RimiRec: Modeling Refined Multi-interest in Hierarchical Structure for Recommendation
Haolei Pei, Yuanyuan Xu, Yangping Zhu, Yuan Nie
TL;DR
This work addresses the challenge of capturing refined user interests that manifest across hierarchical circles in large-scale recommender systems. It introduces RimiRec, a two-stage approach: (1) hierarchical multi-interest mining uses hierarchical $k$-means to build an item tree and a Transformer-based seq2seq model with early stopping and beam search to generate semantic category IDs at multiple levels; (2) refined multi-interest retrieval partitions the item library by these categories and learns multiple category-specific embeddings via a modified two-tower model, enabling ANN searches within sub-libraries. The method achieves state-of-the-art recall on offline datasets and demonstrates production viability through online A/B tests at Lofter, with improvements in metrics like diversity and user activity. The work provides a practical pipeline for deploying hierarchical, circle-aware recommendations in industrial settings, balancing long behavior sequences with fine-grained interests across levels.
Abstract
Industrial recommender systems usually consist of the retrieval stage and the ranking stage, to handle the billion-scale of users and items. The retrieval stage retrieves candidate items relevant to user interests for recommendations and has attracted much attention. Frequently, a user shows refined multi-interests in a hierarchical structure. For example, a user likes Conan and Kuroba Kaito, which are the roles in hierarchical structure "Animation, Japanese Animation, Detective Conan". However, most existing methods ignore this hierarchical nature, and simply average the fine-grained interest information.

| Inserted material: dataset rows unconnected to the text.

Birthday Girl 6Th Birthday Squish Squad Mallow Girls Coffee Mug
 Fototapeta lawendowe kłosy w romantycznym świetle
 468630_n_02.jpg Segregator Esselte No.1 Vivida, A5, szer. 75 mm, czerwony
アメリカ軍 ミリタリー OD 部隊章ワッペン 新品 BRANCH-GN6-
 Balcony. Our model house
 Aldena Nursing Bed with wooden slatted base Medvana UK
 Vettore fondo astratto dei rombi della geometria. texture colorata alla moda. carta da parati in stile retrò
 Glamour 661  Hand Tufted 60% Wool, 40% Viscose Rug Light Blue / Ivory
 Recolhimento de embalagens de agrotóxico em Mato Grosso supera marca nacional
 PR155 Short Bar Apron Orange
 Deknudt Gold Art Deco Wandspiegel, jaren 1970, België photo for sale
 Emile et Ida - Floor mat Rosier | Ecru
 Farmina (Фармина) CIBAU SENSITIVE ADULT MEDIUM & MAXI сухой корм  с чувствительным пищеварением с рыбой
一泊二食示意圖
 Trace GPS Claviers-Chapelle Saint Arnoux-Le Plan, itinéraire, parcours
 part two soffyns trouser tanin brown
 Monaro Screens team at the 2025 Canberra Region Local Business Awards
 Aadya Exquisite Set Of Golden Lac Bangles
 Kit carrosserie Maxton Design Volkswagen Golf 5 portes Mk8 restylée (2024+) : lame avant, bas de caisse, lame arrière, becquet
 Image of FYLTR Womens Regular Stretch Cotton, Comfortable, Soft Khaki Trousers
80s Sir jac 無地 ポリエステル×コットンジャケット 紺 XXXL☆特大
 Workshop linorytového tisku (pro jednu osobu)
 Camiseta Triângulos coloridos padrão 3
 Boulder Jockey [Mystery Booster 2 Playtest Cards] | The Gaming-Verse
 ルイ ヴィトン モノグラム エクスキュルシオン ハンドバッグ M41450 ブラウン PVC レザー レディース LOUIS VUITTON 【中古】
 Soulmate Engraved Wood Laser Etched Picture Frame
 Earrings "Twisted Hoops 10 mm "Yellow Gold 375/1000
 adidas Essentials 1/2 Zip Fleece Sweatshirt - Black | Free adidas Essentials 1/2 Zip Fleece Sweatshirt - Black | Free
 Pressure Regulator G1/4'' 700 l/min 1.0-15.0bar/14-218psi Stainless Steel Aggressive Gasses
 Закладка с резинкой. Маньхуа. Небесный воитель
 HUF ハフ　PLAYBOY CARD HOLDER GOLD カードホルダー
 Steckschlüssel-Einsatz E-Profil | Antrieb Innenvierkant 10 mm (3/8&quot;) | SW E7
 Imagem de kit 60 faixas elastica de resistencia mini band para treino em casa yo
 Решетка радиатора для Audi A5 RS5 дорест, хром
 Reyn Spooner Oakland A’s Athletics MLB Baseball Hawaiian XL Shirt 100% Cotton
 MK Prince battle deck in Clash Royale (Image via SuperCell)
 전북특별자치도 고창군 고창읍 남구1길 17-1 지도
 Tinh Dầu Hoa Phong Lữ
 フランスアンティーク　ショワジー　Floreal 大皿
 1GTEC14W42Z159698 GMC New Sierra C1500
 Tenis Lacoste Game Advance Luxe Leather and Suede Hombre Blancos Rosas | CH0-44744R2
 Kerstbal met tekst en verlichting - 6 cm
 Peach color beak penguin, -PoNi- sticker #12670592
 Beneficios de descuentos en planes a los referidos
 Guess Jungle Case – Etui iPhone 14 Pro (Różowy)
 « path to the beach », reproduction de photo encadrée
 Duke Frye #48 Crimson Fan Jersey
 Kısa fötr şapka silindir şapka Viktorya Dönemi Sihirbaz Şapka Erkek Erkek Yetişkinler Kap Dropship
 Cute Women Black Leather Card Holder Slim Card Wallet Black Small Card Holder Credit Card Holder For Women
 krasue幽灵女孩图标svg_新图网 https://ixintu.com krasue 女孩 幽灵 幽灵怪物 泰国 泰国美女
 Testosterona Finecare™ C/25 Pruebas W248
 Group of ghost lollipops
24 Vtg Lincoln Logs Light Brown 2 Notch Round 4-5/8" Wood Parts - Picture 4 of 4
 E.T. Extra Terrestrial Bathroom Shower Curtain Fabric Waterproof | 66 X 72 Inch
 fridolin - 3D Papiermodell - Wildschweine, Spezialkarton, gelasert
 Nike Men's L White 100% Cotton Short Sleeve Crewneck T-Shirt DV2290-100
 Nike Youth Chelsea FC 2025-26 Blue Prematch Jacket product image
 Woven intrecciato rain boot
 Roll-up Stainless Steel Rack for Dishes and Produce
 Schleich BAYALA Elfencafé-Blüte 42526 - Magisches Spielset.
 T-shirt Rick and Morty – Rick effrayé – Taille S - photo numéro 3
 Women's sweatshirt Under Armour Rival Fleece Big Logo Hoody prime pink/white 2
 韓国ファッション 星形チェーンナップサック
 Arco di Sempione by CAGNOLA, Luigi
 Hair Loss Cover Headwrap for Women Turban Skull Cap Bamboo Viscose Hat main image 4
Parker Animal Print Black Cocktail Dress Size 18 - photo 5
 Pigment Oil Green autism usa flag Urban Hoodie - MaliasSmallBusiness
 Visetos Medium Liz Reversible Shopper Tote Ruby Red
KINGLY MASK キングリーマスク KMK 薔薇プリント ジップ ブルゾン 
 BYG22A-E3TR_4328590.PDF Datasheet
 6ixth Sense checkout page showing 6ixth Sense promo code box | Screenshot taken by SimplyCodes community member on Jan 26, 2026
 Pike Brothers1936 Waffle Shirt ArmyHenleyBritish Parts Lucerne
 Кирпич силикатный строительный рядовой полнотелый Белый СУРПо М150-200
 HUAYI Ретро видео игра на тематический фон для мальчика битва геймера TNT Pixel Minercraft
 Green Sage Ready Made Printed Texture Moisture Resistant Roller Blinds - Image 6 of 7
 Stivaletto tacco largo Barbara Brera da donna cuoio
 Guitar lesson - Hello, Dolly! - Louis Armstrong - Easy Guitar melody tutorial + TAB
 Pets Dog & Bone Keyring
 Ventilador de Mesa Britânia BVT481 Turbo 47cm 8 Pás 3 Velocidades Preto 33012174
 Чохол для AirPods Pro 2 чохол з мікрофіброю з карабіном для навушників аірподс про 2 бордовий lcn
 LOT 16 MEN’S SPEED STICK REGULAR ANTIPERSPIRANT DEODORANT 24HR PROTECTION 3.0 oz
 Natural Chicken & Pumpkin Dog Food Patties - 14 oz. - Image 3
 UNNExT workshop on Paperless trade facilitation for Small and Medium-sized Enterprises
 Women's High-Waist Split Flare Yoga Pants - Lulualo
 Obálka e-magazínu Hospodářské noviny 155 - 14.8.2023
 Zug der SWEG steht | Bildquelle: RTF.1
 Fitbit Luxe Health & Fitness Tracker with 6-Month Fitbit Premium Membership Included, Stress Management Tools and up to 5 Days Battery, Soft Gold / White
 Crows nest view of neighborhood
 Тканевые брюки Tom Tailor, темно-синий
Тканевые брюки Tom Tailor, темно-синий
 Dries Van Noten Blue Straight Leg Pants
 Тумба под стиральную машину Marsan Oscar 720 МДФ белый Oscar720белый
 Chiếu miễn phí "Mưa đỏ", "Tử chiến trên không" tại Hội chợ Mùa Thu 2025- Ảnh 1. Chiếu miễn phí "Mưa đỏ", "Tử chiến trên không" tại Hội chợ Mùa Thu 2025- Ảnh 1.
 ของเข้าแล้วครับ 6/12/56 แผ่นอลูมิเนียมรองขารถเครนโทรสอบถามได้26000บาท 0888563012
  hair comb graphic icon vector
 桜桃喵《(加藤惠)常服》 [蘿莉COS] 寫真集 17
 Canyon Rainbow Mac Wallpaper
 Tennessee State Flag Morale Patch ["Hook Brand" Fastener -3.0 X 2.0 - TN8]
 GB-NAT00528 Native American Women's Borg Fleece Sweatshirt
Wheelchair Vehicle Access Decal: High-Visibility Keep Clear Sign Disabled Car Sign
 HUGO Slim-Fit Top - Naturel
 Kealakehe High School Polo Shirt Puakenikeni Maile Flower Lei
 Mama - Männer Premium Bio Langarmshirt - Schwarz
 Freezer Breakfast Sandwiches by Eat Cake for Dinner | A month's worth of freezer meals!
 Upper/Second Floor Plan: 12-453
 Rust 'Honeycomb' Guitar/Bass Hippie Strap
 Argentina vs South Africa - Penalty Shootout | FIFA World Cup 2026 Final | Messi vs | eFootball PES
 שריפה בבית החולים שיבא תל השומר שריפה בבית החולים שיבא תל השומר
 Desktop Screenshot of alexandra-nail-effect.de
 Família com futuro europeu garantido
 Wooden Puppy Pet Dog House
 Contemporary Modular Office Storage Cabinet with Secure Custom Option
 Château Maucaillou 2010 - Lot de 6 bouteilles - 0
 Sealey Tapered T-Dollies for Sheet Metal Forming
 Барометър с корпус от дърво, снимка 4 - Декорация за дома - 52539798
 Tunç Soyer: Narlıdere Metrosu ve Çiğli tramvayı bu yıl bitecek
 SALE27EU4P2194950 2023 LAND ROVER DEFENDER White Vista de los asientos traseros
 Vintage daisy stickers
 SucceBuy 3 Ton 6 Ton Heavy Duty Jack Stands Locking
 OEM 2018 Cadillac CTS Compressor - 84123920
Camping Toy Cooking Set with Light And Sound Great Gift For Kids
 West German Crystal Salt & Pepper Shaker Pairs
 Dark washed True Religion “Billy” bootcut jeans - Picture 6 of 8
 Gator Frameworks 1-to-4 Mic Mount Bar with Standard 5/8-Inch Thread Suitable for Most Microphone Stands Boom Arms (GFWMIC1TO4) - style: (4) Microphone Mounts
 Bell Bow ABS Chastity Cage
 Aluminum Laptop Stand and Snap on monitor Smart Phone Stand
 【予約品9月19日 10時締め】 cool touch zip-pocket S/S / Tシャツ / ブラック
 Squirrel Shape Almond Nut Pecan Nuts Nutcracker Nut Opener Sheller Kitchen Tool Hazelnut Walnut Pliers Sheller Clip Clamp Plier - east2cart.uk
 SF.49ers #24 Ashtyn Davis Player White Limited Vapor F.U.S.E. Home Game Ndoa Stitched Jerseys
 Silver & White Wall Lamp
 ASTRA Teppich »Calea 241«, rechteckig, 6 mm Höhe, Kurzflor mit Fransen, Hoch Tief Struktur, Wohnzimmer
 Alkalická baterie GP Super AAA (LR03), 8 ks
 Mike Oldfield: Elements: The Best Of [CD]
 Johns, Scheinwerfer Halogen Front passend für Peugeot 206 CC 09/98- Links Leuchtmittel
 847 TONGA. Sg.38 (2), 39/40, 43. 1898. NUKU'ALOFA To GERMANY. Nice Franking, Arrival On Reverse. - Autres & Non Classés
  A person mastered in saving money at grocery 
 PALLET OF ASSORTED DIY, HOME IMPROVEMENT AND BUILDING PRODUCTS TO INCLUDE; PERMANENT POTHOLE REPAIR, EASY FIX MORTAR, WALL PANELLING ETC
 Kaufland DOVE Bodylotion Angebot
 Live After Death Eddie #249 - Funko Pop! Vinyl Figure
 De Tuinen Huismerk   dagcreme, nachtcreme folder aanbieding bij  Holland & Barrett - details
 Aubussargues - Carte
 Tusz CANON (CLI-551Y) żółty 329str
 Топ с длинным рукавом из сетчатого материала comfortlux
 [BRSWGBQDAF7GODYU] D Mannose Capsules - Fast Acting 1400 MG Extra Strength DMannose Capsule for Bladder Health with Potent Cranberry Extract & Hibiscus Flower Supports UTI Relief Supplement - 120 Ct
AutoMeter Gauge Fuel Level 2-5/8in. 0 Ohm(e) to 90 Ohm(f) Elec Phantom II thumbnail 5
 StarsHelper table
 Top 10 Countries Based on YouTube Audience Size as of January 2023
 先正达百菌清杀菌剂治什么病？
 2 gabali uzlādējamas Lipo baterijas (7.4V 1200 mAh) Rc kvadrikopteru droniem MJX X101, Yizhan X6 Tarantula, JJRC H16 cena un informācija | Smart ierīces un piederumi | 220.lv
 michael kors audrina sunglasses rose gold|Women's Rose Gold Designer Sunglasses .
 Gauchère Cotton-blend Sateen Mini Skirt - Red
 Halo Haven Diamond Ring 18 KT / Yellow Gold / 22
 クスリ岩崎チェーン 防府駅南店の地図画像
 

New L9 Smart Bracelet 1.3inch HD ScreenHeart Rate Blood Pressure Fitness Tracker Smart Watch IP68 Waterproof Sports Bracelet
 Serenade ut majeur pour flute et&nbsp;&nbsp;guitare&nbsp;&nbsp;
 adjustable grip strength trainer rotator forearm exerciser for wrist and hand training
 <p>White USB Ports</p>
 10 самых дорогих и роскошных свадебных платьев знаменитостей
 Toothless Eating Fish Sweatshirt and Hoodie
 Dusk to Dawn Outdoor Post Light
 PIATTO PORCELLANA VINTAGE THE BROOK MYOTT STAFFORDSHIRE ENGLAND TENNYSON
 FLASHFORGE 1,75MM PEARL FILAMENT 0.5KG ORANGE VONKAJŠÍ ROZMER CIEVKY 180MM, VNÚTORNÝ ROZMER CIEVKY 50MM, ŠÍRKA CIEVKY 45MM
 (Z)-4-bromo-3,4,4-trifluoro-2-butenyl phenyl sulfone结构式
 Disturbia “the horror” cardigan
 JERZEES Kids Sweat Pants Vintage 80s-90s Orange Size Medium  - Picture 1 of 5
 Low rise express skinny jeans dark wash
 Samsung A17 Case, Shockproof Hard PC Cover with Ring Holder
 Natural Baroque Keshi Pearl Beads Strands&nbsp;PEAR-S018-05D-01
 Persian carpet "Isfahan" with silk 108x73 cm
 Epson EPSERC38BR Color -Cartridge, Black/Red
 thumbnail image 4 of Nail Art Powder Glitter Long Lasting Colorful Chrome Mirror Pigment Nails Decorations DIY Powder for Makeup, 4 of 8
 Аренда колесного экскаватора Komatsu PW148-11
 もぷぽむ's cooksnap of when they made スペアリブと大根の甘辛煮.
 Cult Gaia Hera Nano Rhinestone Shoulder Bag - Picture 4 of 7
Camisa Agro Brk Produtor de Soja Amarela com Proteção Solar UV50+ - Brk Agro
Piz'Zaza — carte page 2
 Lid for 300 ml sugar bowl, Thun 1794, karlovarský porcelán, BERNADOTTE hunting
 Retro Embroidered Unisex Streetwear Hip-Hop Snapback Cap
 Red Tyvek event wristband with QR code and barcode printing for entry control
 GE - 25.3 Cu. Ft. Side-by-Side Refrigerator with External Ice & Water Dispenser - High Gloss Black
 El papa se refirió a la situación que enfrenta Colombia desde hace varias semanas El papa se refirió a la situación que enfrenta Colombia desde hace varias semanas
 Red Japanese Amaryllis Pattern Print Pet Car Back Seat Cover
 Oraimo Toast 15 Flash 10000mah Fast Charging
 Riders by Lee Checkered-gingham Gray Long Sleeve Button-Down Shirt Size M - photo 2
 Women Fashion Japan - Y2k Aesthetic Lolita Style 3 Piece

Therefore, we propose a novel two-stage approach to explicitly modeling refined multi-interest in a hierarchical structure for recommendation. In the first hierarchical multi-interest mining stage, the hierarchical clustering and transformer-based model adaptively generate circles or sub-circles that users are interested in. In the second stage, the partition of retrieval space allows the EBR models to deal only with items within each circle and accurately capture users' refined interests. Experimental results show that the proposed approach achieves state-of-the-art performance. Our framework has also been deployed at Lofter.